Haz maleta, quita maleta. Esta es la acción que más repite este particular señor Miyagi coruñés desde hace cuatro años. En menos de un lustro, Carlos Santamarina ya conoce todos los países del viejo continente, sin excepción. Es soldador y su profesión lo ha llevado a ligar las estructuras de innumerables establecimientos del sector textil y tecnológico. Vive entre aeropuertos y centros comerciales, y reconoce que viaja «máis en avión que en coche». Calcula que solo el año pasado hizo más de cien vuelos.

Cuando tiene tiempo libre aprovecha para hacer turismo, sobre todo, si es la primera vez que visita la ciudad: «Se che empezo a dicir os países onde estiven temos aquí para unha hora. Europa recorrina toda. Algunhas fins de semana aproveitamos para facer visitas. Sobre todo, cando chegas por primeira vez a algún sitio. Noutras cidades xa non, como en París, que xa estiven cinco veces. Agora vou alí e xa non vou á Torre Eiffel», asegura este viajero que nació en O Pindo (Carnota), pero que lleva tiempo asentado en Culleredo.

Carlos sabe que es un privilegiado porque su trabajo le permite conocer muchos lugares, pero también opina que no todo el mundo vale para andar con la maleta a cuestas todo el día. De esas, de maletas, ya lleva unas cuantas destrozadas: «Non sabería dicir un número, pero unhas cantas», confiesa este orgulloso papá de una preciosa niña de tres años y de otro bebé que está en camino: «Carol -su pareja- aínda ten máis valor ca min. Porque ela ten que traballar, ten que ocuparse da nena e agora do que vén», asegura.

Si tuviera que quedarse con uno de los muchos países que ha visitado, elegiría Polonia. Él devora todo lo que llega a sus manos y que está relacionado con la historia de Hitler y del holocausto, y le impactó la huella que dejó en este país este negro episodio de la humanidad. También dice que le gusta su gastronomía, sobre todo las sopas que allí les daban cuando tenían que trabajar a veinte grados bajo cero: «Buf, iso quéntache o corpo rapidamente». Pero para comer, Portugal. Dice que después de España es el país donde mejor le sienta sentarse a la mesa. Y, por supuesto, cuenta con un sinfín de anécdotas con gallegos: «Estamos en todas partes», concluye.

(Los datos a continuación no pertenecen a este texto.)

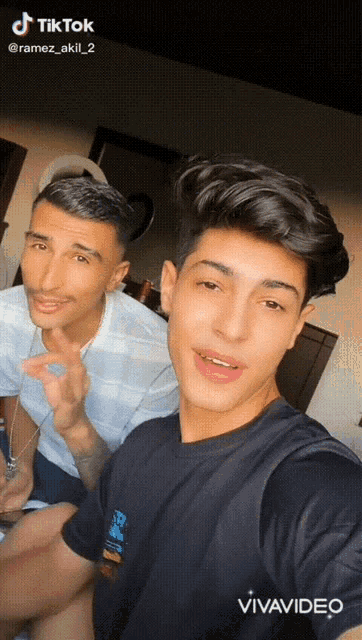two young men are posing for a selfie with the caption " tik tok @ramez_akill_2 "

«Es un reto adaptarme a culturas diferentes»

CAROLINA F. VALES

Las oportunidades de crecer en la vida suelen ser una moneda de doble cara, una cuestión de poner en balanza lo que das y lo que te llevas, y ver hacia qué lado se inclina. Hace apenas un año, a Julio le propusieron un reto: dirigir las ventas en América y Portugal de la empresa en la que llevaba trabajando quince años: Geotexán, empresa española dedicada a la fabricación de geotextiles y fibras. «El mercado español había pegado un bajón tremendo en los últimos años y tuvimos que buscar oportunidades fuera».

En la parte negativa de la balanza: suponía no ver a su familia durante, por lo menos, una semana de cada mes. El contrapeso: se trataba de un proyecto muy bonito, un cambio muy refrescante en su forma de trabajar, el reto y aprendizaje constantes que supone absorber y adaptarse a formas de trabajar tan diferentes. Finalmente, el reto ganó a la comodidad y Julio se embarcó en esta aventura multicultural.